Thread Subject: Reading text from txt file, fixed characters

Subject: Reading text from txt file, fixed characters

From: Nuno Martins

Date: 6 Dec, 2011 14:58:08

Message: 1 of 6

Hello everybody,

I have several data files in the following format:
...
  -0.14 -1.82 -0.46 13.56
  -0.13 -1.89 -0.44 13.54
  -0.01 -2.04 -0.65 13.56
   0.01 -2.04 -0.63 13.56
   0.10 -2.14 -0.69 13.56
   0.06 -2.08 -0.67 13.58
...

where each file has roughly 6000 lines. Each line has precisely 30 characters, including all white spaces before and between values. The first, second and third column have always 7 characters, and the last one is composed by 8 characters, independently of the value.
My main objective is to import this data to Matlab in order to process it, but it happens that eventually the strings contain some anomalies.
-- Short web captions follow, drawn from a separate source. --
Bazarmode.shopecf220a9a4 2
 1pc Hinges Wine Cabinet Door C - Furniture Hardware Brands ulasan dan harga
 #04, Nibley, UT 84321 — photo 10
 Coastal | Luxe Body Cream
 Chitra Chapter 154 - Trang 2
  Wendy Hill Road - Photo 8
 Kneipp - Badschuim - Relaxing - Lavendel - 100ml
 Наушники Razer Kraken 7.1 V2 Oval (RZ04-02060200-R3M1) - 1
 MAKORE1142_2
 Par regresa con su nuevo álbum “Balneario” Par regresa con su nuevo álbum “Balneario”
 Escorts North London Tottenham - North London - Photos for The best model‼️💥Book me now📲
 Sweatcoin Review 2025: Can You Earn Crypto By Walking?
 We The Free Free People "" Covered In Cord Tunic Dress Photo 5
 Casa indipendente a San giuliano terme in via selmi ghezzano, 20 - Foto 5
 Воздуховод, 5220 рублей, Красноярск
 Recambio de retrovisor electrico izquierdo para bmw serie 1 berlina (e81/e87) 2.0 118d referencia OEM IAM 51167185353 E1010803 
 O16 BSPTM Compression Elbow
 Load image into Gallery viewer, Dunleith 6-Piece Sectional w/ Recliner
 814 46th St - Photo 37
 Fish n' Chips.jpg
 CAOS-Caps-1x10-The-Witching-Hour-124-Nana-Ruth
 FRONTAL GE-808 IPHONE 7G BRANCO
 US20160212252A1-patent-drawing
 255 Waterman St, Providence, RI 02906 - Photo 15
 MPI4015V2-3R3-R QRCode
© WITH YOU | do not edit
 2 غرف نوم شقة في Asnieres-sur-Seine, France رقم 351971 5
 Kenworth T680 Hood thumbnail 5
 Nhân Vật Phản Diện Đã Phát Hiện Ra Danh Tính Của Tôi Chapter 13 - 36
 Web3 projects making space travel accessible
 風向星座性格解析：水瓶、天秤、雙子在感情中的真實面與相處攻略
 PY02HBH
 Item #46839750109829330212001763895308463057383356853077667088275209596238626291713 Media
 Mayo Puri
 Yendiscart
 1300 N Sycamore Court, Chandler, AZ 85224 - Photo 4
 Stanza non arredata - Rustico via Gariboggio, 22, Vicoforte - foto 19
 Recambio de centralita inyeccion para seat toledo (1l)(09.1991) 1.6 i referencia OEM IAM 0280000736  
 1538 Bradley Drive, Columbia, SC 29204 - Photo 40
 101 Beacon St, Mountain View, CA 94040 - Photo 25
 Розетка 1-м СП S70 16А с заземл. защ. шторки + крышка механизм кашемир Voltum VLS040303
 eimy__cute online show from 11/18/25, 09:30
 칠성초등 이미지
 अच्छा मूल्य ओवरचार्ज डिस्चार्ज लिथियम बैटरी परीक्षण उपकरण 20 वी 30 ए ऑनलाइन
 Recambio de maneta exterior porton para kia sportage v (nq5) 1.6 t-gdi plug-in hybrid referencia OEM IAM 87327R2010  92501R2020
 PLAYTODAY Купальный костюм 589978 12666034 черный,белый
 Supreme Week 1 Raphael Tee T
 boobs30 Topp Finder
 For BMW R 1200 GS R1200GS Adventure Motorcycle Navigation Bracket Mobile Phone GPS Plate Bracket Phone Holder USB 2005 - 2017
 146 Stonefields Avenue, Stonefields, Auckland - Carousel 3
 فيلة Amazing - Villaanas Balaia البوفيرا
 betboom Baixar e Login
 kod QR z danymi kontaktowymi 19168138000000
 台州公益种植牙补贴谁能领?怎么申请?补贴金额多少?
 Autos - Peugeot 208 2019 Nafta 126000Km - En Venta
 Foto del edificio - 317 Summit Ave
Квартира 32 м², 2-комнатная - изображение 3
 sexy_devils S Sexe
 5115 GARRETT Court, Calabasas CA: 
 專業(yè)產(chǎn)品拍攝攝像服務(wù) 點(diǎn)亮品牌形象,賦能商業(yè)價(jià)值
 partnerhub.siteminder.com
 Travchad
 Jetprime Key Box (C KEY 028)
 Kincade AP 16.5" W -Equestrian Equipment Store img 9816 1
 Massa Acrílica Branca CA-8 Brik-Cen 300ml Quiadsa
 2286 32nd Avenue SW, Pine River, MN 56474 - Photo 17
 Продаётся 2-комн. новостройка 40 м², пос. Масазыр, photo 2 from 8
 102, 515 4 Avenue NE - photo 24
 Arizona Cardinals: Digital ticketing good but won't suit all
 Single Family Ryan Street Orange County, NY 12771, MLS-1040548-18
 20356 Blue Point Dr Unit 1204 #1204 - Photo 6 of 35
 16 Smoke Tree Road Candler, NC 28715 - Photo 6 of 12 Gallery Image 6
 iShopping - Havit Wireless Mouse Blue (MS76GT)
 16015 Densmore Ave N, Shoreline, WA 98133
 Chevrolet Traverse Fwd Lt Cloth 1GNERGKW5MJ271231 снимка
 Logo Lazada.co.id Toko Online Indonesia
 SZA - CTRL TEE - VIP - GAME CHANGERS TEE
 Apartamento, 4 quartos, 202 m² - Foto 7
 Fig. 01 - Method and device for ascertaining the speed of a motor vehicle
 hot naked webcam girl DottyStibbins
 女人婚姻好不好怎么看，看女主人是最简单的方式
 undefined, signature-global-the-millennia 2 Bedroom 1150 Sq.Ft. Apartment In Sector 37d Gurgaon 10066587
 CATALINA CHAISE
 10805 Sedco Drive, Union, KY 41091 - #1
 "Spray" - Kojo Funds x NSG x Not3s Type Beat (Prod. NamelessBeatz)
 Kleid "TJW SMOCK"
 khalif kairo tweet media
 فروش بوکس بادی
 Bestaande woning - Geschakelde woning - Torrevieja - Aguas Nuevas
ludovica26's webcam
Like the following:
...
   0.67 -2.02 0.10 14.32
   0.51 -2.07 0.13 14.32
   0.64 -2.02 0.1 -2.34 -0.09 14.36
   0.81 -2.40 -0.16 14.33
   0.78 -2.35 -0.26 14.36
...
or
...
   0.92 -2.34 0.13 14.24
   1.15 -2.34 0.12 14.23
   1.36 -2.31 14.16
   1.45 -2.19 -0.05 14.16
   1.25 -2.41 0.13 14.16
...

So, my main goal, in a first approach, is to identify the lines where this anomaly happens and try to correct it, by interpolation of the values in the adjacent strings.

How is it possible to import the data and identify the bad strings? (When I read the text with textscan I don't get the white characters before the first value and so I cannot count the correct number of characters in each string.)

Can anyone recommend me a way of repairing each string in an automatic way?

Thank you all in advance

Subject: Reading text from txt file, fixed characters

From: dpb

Date: 6 Dec, 2011 15:31:21

Message: 2 of 6

On 12/6/2011 8:58 AM, Nuno Martins wrote:
...

> How is it possible to import the data and identify the bad strings?

fgetl() to read and then various string handling functions to query the
content (length, values, etc., etc., etc., ...)

...

> Can anyone recommend me a way of repairing each string in an automatic way?
...

As a first easy step you could simply read each line and discard those
that don't have the proper length.

Beyond that, you're into quite a lot of logic to figure out which
value(s) are the wrong ones and where they might go and all...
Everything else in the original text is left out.